Various nopale recipes from dianna kennedy's "the art of mexican cooking" are adapted to trichocereus pachanoi. implications of using this cactus as a foodstuff are examined. the primary challenge to the cook is seen to be mucilage and bitterness, rather than emesis or cramping.


Traditional preparations of Trichocereus pachanoi involve boiling the sliced whole cactus for long periods of time with various admixtures. drawbacks to this are 1) emesis: the curandero actually seeks to make the patient vomit and if the pachanoi preparation fails to induce this a supplemental emetic draught is administered, and 2) pharmaceutical complications: a datura speciesis usually added to the broth. reliable dosage information for tropane alkaloids from natural sources is very hard to come by, the margin of error is vastly smaller than with, say, blotter acid, and the special contributions of tropane alkaloids to an entheogenic experience may not be sought-after. :-)

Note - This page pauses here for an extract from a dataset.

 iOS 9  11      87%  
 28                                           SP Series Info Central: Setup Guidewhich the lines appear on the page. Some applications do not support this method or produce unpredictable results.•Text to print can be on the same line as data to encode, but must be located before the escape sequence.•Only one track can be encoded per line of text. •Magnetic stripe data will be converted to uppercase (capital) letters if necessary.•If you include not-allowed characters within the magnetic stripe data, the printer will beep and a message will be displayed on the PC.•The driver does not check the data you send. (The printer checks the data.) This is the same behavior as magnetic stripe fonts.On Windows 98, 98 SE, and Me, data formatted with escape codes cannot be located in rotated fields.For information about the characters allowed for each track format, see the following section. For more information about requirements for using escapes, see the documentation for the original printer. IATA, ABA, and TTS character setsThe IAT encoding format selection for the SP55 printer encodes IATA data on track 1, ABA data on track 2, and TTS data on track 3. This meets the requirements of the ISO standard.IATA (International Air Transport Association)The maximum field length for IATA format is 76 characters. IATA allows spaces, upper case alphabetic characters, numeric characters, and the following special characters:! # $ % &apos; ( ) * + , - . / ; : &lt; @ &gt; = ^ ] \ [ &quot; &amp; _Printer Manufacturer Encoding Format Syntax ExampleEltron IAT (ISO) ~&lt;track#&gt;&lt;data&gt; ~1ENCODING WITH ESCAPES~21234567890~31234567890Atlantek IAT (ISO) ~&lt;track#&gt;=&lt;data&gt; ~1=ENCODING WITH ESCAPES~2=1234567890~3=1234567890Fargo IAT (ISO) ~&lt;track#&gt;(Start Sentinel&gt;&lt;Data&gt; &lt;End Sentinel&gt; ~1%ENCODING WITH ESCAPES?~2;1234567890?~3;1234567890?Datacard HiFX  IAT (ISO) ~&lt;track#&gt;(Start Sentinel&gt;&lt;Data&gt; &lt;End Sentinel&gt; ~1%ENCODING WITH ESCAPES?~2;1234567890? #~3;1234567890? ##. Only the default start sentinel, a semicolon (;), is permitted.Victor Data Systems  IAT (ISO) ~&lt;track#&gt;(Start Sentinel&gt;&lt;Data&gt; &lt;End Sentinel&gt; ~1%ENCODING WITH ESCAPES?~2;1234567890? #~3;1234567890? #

Most contemporary practice either mimics a simplified form of the traditional broth (abandoning both the datura, the emetics, and every shred of the set-and-setting of traditional use) or follows well-established chemical methods of alkaloid extraction (which is time-consuming and equipment-costly, and usually involves toxic solvents.)

One neglected approach is to treat the cactus as a vegetable foodstuff, and draw upon mexican culinary experience with nopales (opuntia cacti) as prior art. the results of some initial explorations of this approach are reported here.


T. pachanoi is a slightly tapering cylinder with a small number of ribs (typically 6 or 7), and clusters of 1-2mm spines running along the ridge of the rib and spaced about 1" apart. cactus cuttings in the market range in diameter from about 2.5"-3.5". cuttings of these diameters range in weight from < 1.5 oz/linear inch to 3.5 oz/in.

The outermost layer is a tough, plastic-like membrane a significant fraction of a mm thick. directly underneath this is a zone of green tissue less than 1/4" thick. this shades rapidly into a zone of white tissue. at the core is a hollow cylinder of tough fibers, from 0.5"- 1.5" dia, with a heart of more white tissue. in younger tip-cuts the fibers are like a loofa-sponge, or softer. in more mature base cuts they are very woody, almost like bamboo bbq skewers.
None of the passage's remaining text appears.